**Exercise description:** Reproduce all of the data below without alteration; exclude every picture.
Data shown below:
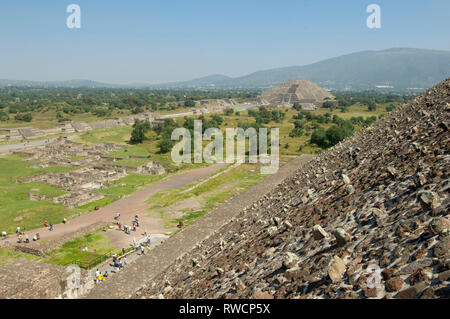 Pyramide des Mondes im Abstand von Pyramide der Sonne in Teotihuacan in der Vaslley von Mexiko gesehen in Mexiko Stockfoto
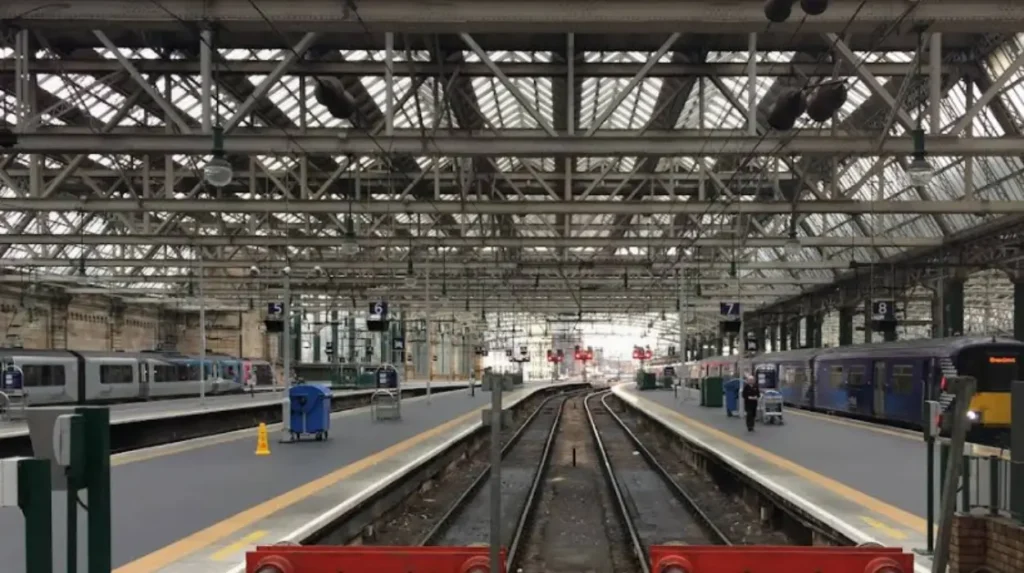 Why is Glasgow Central Station prone to flooding?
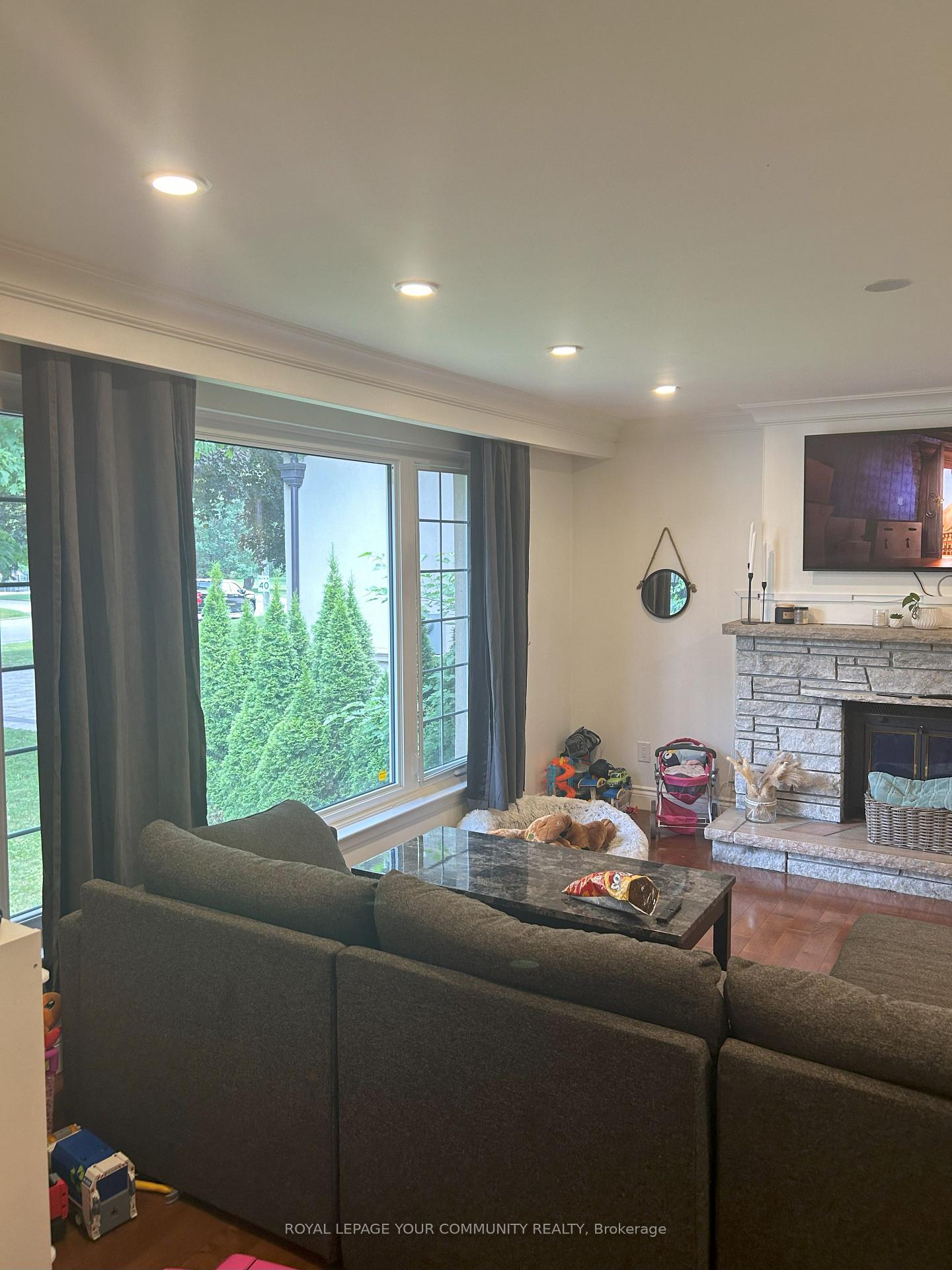 Photo 16 of 46 Netherford Road, Vaughan, Maple — HOMEH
End of Data shown.
**Task result:**
 Pyramide des Mondes im Abstand von Pyramide der Sonne in Teotihuacan in der Vaslley von Mexiko gesehen in Mexiko Stockfoto
 Why is Glasgow Central Station prone to flooding?
 Photo 16 of 46 Netherford Road, Vaughan, Maple — HOMEH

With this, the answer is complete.